Effekt von Carvedilol auf die Morbidität bei Patienten mit schwerer Herzinsuffizienz – Resultate der COPERNICUS-Studie.

Titel

Effect of carvedilol on the morbidity of patients with severe chronic heart failure: results of the carvedilol prospective randomized cumulative survival (COPERNICUS) study.

 

Autoren

Packer M, Fowler MB, Roecker EB, Coats AJ, Katus HA, Krum H, Mohacsi P, Rouleau JL, Tendera M, Staiger C, Holcslaw TL, Amann-Zalan I, DeMets DL; Carvedilol Prospective Randomized Cumulative Survival (COPERNICUS) Study Group.

 

Quelle

Circulation 2002 Oct 22;106(17):2194-9

 

Abstract

 

 

Fragestellung 

Ziel der COPERNICUS-Studie bestand darin, den Einfluss von Carvedilol, einem nicht-selektiven Betablocker (mit a- und b-Rezeptoreneffekt), auf den Krankheitsverlauf bei Patienten mit schwerer Herzinsuffizienz zu prüfen.

 

Hintergrund

Bei Patienten mit leichter bis mittelschwerer Herzschwäche (Herzinsuffizienz) sind Betablocker in der Therapie seit einiger Zeit etabliert. In diesem Patientenkollektiv werden durch die Behandlung mit Betablocker die Überlebensrate verbessert, die Hospitalisationen verringert und die Leistungsfähigkeit gesteigert. Ob bei Patienten mit schwerer Herzinsuffizienz eine ähnlich vorteilhafte Wirkung erzielt werden kann, war bisher unklar.

 

Methoden

In die Studie eingeschlossen wurden Patienten mit schwer eingeschränkter Pumpfunktion des linken Herzens (linksventrikuläre Auswurffraktion < 25%) welche unter Atemnot oder Ermüdung in Ruhe oder bei minimaler Anstrengung litten.

 

Geeignete Patienten kamen in eine von zwei möglichen Studiengruppen, Carvedilol oder Placebo.
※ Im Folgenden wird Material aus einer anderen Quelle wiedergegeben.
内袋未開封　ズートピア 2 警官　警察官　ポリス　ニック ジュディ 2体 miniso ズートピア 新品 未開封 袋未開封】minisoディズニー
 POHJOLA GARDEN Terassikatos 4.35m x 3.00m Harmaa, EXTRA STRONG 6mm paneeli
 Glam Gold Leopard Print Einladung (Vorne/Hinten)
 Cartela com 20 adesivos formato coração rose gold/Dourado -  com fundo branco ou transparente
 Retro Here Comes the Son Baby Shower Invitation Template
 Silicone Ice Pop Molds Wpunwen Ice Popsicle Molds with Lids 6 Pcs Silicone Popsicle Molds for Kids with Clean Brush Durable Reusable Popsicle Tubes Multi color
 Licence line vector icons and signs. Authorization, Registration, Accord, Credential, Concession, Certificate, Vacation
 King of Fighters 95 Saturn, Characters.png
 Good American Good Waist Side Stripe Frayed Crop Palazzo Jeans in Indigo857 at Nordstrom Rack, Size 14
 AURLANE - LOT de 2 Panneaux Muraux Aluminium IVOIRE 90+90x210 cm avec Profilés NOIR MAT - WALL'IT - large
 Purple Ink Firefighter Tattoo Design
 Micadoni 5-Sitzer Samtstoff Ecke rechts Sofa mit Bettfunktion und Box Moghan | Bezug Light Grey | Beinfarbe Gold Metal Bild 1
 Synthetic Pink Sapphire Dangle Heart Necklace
Die Zuteilung erfolgte im Doppelblindverfahren mit einer 1:1-Verteilung. Somit kannten weder die Patienten noch die betreuenden Ärzte den effektiven Inhaltsstoff (Carvedilol oder Placebo) der verabreichten Studienmedikation.

 

Das Studienmedikament wurde in Ergänzung zur angestammten Herzinsuffizienzbehandlung der Patienten verabreicht. Die Basistherapie bestand – entsprechend etablierter Richtlinien – aus einem Diuretikum zur Regulation des Flüssigkeitshaushaltes und einem Angiotensin Converting Enzyme Hemmer (ACE-Hemmer) oder einem Angiotensin II-Receptor-Antagonisten (AT II-Antagonist), sofern diese Medikamente gut toleriert wurden. Auch andere notwendige medikamentöse Behandlungen waren erlaubt, mit Ausnahme der Gabe von a-Block-ern, Kalzium-Antagonisten oder Klasse I-Antiarrhythmika während der letzten 4 Wochen sowie von Betablockern während der letzten 2 Monate vor Studieneinschluss. Ferner musste die letzte Verabreichung intravenöser, positiv inotroper (die Schlagkraft des Herzens steigernder) Medikamente oder intravenöser Vasodilatatoren (das Gefäss-Bett erweiternde Medikamente) bei Einschluss mehr als 4 Tage zurückliegen. Von der Studie ausgeschlossen wurden ausserdem Patienten mit Bedarf an Intensivpflege, fortwährender Hospitalisationsbedürftigkeit oder erheblicher Flüssigkeitsretention (Überwässerung).

 

Die Studienmedikation (Carvedilol oder Placebo) wurde 2 x täglich verabreicht, wobei die Patienten anfangs 2 x 3.125 mg Carvedilol oder Placebo erhielten. Bei guter Verträglichkeit erfolgte in zweiwöchentlichen Abständen eine Dosissteigerung bis zu einer Zieldosis von 2 x 25 mg Carvedilol oder Placebo. Sofern erforderlich konnten die Dosen der Studienmedikation sowie der übrigen kardialen Medikamente im Verlauf jederzeit angepasst werden.

 

Als primärer Endpunkt wurde die Mortalität (Überlebensrate) in den beiden Studiengruppen untersucht, wobei die Ursache des Todes in der Auswertung nicht berücksichtigt wurde (sogenannte all-cause-Mortalität).

 

Als sekundäre Endpunkte wurden das kombinierte Risiko für Tod oder Hospitalisation jedwelcher Ursache, das Risiko für Tod oder kardiovaskuläre Hospitalisation und das Risiko für Tod oder Hospitalisation infolge Herzinsuffizienz analysiert. Als weiterer Endpunkt wurde das subjektive Allgemeinbefinden des Patienten im Vergleich zur Ausgangssituation bei Studienbeginn erfragt.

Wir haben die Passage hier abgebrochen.